After all, would it be correct to say that your odds line is great if some 50-1 shot you made 8-1 wins by a nose, but that the line was crappy if the same horse lost a 3 horse photo?
I would say it doesn't matter. The only thing that matters is how consistent your model is.

LaughAndBeMerry
01-02-2006, 05:01 PM
Thanks for the reply. I'd like to talk more about this if you wouldn't mind. Off the board works best for me if that's OK for you. My e-mail address is velocityphd@yahoo.com. Thanks.

LBM

obeguy
01-19-2006, 07:44 PM
You need conditional logistic regression with race Id as the grouping variable. All of the questions you have about variables and outliers will bve answered by your model runs. the process in entirely empirical. Benter made all his money with this type of model but around 2001, switched to a better probit model in conjunction with some kind of Markov chain Monte Carlo algotithms which I don't understand.

toetoe
01-19-2006, 08:22 PM
Great thread already, only eight posts old. :ThmbUp:

kenwoodallpromos
01-19-2006, 11:12 PM
Since I have no idea what you are talking about, let ME ask you this:
"Would it be correct to say that your odds line is great if some 50-1 shot you made 8-1 wins by a nose, but that the line was crappy if the same horse lost a 3 horse photo?"
If you pegged a horse at 8-1 and it came close, doesn't that mean you should have made it lower odds anyway?

Overlay
01-20-2006, 02:01 AM
I'm not sure you could draw that conclusion from just one race. But if horses that are assigned higher fair odds are consistently outperforming lower-odds horses (either in terms of winning or finishing in the money), or if horses in a particular odds range are regularly winning significantly more or less often than their fair odds indicate they should, I'd say that the odds-assignment model would need some refinement.

arkansasman
01-20-2006, 05:01 AM
3) Finally, what would be a reasonable r2 or percentage of deviance explained by the model given that I’m looking at 35,000 observations?
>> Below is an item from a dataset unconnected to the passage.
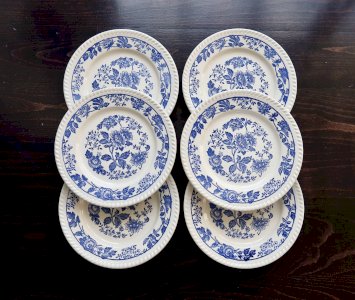 6 assiettes plates vintage en porcelaine blanche motif fleuri bleu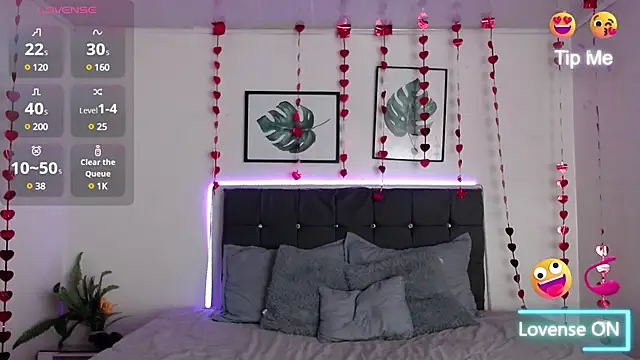 mia collens online show from March 12, 2025, 6:29 am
While some of the models I’ve run seem to do a pretty good job of fitting (i.e. actual win %’s against predicted are close across odds groups) they all have r2 of 10-25%. Some of the quant jocks where I purchased the stats package have said that this is not unreasonable given the large number of observations.

I am getting a R2 of .1189 in a combined model(model and Public) of 3100 races out of sample.